But since democracy was restored in the 1970s, bombings and murders by Eta terrorists have been frequent.
The only television pictures were coming from Atocha station, showing the red train ripped apart by explosions. Many tourists will have used those lines for a day trip to Toledo, or passed through the station to catch the high-speed train to Seville.
When a few years ago I made a film of a railway journey through Spain (a sort of television biography of my father) I dwelt on the beauty of the station. It outgrew the 19th-century canopy of iron and glass, so they built platforms beyond, and converted the old station into a tropical forest of high swaying palms. It serves as an arboreal anteroom for passengers hurrying across the marbled flooring towards their trains. Cloudbursts of water droplets maintain the humidity needed for the lush vegetation.
On Thursday I struggled to imagine that beautiful spot brutally converted to a triage station where the wounded dragged from the wreckage could be sorted according to the severity of their injuries, a bustle of doctors, nurses, firemen, nuns and priests.

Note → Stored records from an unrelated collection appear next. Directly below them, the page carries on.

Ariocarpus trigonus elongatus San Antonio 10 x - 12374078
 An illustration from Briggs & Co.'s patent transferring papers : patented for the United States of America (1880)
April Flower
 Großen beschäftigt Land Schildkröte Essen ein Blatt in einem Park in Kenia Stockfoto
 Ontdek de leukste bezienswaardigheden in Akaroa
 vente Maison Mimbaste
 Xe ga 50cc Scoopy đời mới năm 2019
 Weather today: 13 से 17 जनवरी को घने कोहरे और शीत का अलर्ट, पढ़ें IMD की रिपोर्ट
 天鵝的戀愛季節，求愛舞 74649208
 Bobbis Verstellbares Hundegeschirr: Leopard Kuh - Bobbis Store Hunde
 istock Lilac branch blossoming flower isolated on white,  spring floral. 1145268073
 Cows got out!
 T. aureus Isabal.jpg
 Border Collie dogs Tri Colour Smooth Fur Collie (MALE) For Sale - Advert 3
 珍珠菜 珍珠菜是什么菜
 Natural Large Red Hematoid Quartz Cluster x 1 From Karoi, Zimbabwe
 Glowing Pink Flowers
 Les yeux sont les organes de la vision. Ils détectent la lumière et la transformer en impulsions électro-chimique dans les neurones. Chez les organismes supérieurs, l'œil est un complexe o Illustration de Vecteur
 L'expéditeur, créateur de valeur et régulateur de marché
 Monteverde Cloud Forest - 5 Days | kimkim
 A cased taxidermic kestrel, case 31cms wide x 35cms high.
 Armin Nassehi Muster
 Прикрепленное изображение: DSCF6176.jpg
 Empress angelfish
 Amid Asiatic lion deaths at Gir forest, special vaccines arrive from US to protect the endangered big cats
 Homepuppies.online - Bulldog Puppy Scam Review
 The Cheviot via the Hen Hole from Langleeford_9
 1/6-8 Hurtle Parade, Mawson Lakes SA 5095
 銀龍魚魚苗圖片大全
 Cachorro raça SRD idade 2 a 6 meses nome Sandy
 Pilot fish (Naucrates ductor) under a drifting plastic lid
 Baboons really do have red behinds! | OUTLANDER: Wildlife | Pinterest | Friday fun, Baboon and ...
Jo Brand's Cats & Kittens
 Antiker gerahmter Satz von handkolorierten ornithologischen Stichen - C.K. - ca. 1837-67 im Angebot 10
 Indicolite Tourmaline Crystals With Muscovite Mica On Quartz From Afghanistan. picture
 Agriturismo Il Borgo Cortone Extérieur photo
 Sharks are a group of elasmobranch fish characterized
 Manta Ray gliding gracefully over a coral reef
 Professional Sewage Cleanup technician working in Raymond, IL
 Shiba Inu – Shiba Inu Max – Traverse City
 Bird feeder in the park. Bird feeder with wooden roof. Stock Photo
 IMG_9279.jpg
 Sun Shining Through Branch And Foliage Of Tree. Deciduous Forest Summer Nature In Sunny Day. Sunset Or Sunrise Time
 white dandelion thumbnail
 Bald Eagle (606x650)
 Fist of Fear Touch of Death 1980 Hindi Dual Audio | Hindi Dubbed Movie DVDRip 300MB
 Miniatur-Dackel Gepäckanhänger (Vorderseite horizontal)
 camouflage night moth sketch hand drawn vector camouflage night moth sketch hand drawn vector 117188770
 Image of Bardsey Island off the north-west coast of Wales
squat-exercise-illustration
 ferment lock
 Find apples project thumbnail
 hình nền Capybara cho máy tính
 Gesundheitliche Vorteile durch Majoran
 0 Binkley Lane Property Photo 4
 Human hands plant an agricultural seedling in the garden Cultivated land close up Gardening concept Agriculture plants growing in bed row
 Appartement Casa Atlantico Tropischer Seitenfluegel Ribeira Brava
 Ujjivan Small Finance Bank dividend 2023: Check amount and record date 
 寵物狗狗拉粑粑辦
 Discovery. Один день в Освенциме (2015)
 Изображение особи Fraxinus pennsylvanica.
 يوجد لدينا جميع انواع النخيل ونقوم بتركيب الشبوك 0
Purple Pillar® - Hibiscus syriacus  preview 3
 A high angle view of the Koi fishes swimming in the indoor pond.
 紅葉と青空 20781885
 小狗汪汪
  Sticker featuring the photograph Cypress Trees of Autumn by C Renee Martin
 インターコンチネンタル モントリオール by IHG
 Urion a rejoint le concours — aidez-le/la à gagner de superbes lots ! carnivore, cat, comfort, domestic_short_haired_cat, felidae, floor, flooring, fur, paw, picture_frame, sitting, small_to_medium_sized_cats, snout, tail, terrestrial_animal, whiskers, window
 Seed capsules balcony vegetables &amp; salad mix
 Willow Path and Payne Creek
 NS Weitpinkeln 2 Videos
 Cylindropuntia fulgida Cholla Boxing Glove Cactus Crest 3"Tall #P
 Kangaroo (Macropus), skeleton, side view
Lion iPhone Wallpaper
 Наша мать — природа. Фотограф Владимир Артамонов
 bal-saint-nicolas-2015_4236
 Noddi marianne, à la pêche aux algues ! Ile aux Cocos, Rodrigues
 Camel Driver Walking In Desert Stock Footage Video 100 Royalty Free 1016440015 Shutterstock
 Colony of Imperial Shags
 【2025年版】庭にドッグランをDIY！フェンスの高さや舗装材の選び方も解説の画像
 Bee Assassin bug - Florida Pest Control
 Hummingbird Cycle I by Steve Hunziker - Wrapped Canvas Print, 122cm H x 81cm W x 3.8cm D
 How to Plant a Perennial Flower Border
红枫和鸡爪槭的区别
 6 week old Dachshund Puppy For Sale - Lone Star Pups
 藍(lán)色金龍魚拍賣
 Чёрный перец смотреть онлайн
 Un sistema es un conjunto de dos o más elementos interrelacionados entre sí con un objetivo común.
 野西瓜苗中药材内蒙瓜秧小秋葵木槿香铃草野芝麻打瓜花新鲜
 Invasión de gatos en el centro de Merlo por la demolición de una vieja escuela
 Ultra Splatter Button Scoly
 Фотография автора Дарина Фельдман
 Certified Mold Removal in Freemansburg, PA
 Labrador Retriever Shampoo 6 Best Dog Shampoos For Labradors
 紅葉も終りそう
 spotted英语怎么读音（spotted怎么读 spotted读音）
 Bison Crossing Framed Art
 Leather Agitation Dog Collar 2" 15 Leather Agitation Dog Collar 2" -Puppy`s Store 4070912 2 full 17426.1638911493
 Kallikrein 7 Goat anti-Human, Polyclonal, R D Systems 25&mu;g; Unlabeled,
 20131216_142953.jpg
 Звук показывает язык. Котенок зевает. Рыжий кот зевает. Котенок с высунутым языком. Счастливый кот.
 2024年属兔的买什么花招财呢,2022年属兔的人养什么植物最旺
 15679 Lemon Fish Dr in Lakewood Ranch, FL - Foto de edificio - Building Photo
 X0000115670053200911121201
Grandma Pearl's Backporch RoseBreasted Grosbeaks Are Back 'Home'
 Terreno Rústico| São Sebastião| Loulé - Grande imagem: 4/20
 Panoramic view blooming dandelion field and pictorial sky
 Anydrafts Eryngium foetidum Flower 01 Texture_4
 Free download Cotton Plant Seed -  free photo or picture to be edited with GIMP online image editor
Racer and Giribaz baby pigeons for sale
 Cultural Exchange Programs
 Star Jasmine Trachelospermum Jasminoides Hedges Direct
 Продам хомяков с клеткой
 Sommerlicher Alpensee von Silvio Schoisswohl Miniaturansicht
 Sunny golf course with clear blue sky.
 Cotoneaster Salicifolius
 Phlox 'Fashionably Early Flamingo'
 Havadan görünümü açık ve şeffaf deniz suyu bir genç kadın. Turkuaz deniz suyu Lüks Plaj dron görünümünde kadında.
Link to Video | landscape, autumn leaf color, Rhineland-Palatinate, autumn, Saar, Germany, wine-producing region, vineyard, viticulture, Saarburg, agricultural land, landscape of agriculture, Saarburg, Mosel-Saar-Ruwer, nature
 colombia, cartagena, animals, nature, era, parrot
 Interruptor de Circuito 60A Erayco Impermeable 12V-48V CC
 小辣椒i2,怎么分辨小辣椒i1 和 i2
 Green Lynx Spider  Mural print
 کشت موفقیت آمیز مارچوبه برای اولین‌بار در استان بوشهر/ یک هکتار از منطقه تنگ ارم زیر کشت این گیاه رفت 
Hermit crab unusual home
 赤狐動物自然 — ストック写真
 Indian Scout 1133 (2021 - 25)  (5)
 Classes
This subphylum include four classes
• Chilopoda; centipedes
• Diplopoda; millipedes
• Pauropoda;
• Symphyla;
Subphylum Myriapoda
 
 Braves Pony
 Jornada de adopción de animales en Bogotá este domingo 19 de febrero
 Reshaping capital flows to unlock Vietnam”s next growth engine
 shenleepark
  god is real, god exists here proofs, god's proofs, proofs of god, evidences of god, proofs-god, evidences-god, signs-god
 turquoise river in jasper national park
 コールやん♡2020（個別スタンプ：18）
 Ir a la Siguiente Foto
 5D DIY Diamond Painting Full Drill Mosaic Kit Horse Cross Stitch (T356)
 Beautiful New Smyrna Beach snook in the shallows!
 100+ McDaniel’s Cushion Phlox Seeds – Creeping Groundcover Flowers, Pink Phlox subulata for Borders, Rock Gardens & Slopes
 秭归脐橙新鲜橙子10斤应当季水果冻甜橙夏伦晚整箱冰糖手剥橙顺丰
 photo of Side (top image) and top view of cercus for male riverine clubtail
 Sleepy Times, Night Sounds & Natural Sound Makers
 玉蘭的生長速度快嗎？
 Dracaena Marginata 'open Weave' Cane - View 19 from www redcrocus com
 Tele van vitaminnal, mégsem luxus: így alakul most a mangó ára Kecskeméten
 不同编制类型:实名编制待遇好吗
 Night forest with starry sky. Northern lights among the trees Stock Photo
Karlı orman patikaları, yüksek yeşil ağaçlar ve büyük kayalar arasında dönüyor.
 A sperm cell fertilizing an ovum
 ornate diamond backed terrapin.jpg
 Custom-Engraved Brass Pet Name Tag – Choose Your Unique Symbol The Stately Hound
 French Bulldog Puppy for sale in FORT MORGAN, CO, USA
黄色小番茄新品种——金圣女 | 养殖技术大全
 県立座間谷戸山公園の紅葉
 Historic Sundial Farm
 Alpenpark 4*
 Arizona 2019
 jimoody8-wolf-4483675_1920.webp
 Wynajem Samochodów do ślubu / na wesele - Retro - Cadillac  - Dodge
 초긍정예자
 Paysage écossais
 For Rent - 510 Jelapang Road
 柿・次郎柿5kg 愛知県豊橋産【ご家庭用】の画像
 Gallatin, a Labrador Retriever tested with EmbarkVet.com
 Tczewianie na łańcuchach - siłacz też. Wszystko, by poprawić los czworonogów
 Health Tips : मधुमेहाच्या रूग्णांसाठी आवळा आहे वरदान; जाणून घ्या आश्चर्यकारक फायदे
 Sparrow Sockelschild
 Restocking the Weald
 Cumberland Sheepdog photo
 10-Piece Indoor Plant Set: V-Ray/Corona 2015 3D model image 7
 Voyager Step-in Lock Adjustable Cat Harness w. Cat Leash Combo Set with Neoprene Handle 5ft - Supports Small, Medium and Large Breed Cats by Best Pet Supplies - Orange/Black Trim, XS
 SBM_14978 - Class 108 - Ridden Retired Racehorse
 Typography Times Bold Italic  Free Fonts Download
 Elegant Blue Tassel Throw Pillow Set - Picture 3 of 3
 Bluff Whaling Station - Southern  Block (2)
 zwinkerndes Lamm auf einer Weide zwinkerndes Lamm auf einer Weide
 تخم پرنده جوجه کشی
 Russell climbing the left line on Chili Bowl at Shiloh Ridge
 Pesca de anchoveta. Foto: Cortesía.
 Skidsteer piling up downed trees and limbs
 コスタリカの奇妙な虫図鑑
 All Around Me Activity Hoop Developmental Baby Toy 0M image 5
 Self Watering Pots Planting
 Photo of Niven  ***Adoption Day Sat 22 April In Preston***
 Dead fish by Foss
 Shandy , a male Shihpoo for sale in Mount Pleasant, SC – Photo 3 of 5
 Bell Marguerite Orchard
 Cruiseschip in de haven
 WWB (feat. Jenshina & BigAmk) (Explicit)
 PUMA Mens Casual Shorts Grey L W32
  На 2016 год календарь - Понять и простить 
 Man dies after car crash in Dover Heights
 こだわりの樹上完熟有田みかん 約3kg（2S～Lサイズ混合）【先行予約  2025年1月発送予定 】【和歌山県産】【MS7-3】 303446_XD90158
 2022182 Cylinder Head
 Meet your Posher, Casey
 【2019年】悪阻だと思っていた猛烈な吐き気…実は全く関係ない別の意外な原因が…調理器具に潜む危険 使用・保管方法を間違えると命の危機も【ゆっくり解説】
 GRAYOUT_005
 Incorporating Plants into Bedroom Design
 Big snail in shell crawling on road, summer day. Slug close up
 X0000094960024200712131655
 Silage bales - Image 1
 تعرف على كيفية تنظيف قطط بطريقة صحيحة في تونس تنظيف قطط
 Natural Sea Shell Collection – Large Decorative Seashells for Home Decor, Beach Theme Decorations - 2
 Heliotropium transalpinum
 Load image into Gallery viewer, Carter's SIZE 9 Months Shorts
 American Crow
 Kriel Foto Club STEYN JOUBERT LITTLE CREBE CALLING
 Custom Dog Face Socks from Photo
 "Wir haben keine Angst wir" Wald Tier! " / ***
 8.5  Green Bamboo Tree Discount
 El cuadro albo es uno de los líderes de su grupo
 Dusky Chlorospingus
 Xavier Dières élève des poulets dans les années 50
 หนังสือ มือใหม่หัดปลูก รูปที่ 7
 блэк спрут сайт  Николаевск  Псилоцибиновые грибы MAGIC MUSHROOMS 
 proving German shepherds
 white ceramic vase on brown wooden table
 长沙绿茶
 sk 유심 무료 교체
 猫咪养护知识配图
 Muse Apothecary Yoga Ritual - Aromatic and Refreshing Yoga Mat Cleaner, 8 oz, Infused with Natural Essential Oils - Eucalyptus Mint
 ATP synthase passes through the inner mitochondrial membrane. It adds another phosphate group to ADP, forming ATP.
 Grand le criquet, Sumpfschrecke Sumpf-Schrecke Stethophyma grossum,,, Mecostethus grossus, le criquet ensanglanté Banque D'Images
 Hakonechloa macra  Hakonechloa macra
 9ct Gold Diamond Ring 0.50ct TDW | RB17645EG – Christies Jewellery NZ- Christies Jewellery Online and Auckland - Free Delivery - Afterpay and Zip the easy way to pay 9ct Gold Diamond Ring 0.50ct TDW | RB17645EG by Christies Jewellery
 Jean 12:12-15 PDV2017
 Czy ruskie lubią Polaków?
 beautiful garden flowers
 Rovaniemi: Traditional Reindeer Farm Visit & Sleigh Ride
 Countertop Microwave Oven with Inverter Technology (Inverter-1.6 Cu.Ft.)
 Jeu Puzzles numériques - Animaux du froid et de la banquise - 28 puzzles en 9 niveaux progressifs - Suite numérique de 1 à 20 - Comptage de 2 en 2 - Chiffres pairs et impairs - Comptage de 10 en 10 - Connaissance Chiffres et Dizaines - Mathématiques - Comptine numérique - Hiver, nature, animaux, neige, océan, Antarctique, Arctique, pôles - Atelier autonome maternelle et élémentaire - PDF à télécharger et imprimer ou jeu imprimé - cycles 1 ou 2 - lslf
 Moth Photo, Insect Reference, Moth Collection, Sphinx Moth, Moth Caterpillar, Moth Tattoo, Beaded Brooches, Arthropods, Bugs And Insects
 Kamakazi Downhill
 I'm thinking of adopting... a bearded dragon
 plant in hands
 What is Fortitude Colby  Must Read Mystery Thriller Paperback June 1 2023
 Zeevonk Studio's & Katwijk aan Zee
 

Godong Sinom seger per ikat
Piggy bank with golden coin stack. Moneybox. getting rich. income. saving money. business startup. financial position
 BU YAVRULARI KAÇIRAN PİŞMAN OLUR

I have 28 Spanish first cousins in Spain, many with large families, and I was anxious for them. As far as I know the whole clan is safe. I thought of them again on Friday night, taking to the streets of Madrid, and Salamanca where others live, united in defiance against barbarism.
In London I clustered with a few score Spaniards who live in England under the entrance canopy of the Spanish embassy, in a vigil timed to coincide with the multitudinous gatherings in Spain.
A young girl stood on the steps and said in Spanish: “We’ll have a minute’s silence”; and I stood staring down at the bouquets of flowers piled high by the embassy’s front door, thinking about all the brothers and sisters and fathers and mothers slaughtered on their way to work. When the minute was over we clapped. Goodness knows why. Perhaps we had to mark the silence’s end with noise and none of us could be sure of getting a sound out from our dry and gagging throats.
A young man said to me that he was proud to see me there with them. I couldn’t produce a reply so I clapped him mutely on his leather-jacketed shoulder, feeling that was probably what Spaniards do.
Terrorism has been the curse of a country that has otherwise lived a charmed existence since the 1970s. Few countries emerging from dictatorship have shrugged off their past with so little recrimination. When General Franco, who had taken power during the civil war in the 1930s, died in 1975, there were no reprisals and no war crimes trials. The Spanish people unanimously moved on. The monarchy rather than a republic was restored, against my father’s wishes, and Spain lost Franco’ s grip on law and order and public morality, to my uncle Victor’s disappointment.
Spain faced a particular problem with its regions. Franco had fought to keep Spain united and centralised, repressing local languages and flags in Catalonia and the Basque country.
The constitution devised in the 1970s gives the regions substantial autonomy. In the Basque country the road signs are bilingual and nationalist colours are everywhere on display. The British branch of the Portillo family has many Basque friends, not least because my parents met in England, looking after Basque refugee children. They had been evacuated after the attack on Guernica in 1937, when more than 2,000 civilians died, bombed and strafed by German planes.